Plots are an interpretation of relationships in the data. These relationships can be specified with aesthetic mappings. For example, if the points you are plotting come from two species, you can color points according to their species with the mapping species -> color.
A plot is an object that we can perform operations on. This means we can always continue to modify a plot by performing new steps, much like how the |> operator lets data be modified in single steps. For example, scale_x_sqrt adds the instruction to take the square root of the variable on the x-axis before plotting. This also means that ggplot2 objects can be stored in a variable in R to be used later.
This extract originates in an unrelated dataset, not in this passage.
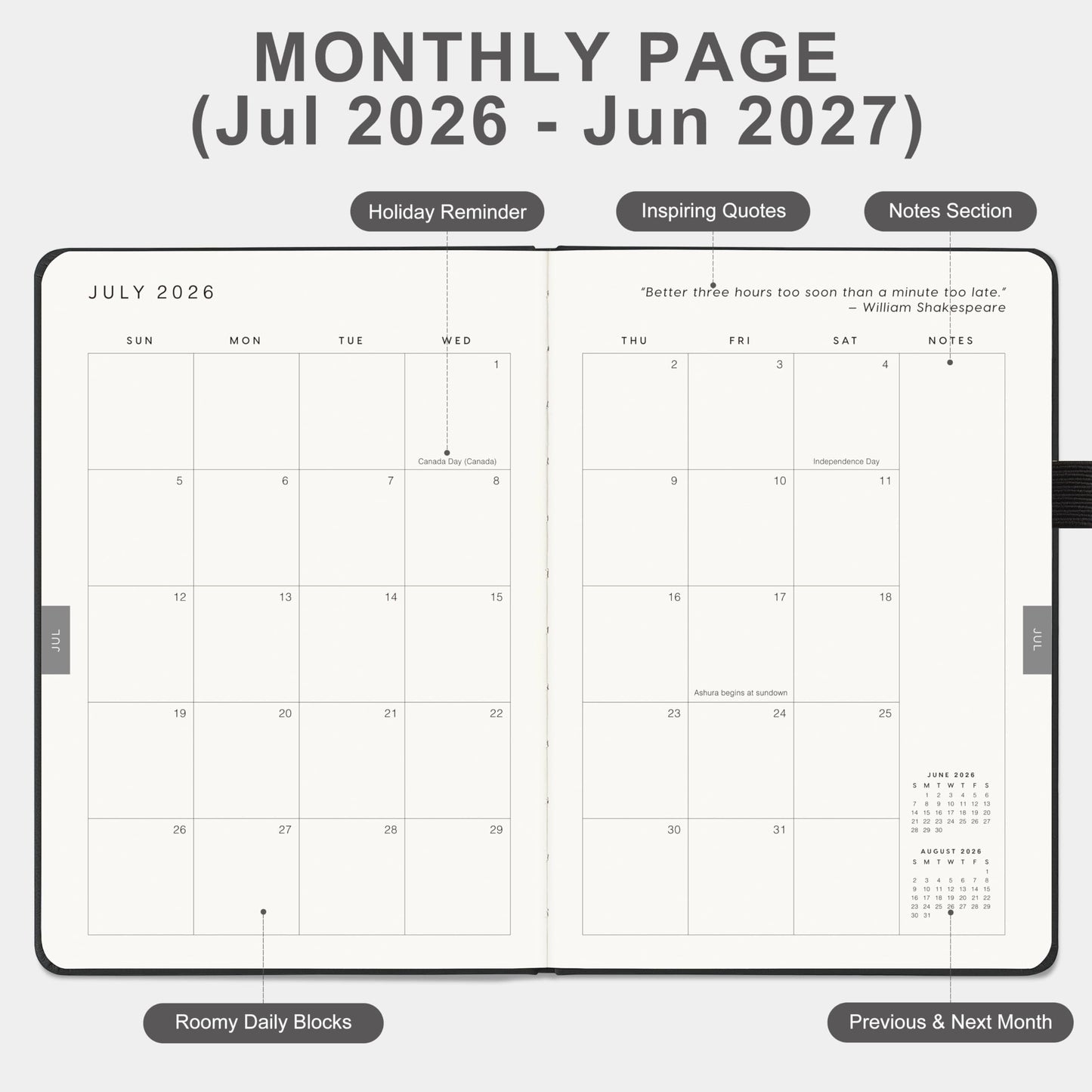 And Per Se Academic Planner 2026-2027 – Weekly & Monthly Planner, July 2026 to June 2027, A5 Leather Hardcover with Inner Pocket – Student & Teacher Organizer, 5.7" x 8"(Black)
Here’s a simple example to see each of these ideas at work:

gg <- ggplot(data = diamonds, mapping = aes(x = price, y = carat, col = cut)) +
  geom_point(shape = 1) # shape is a "static" argument here

gg +
  scale_x_log10() +
  labs(x = 'Price', y = 'Carat', col = 'Cut quality') +
  theme_bw()

Here we’ve plotted price by carat and colored the points according to cut. We then added some visual modifications on top of the stored plot gg.

Breaking down each of the instructions, a basic anatomy of most ggplots is found:

ggplot is the “master” function that sets a “blank slate.” It is also where data and aesthetic mappings, common to all geoms, is specified.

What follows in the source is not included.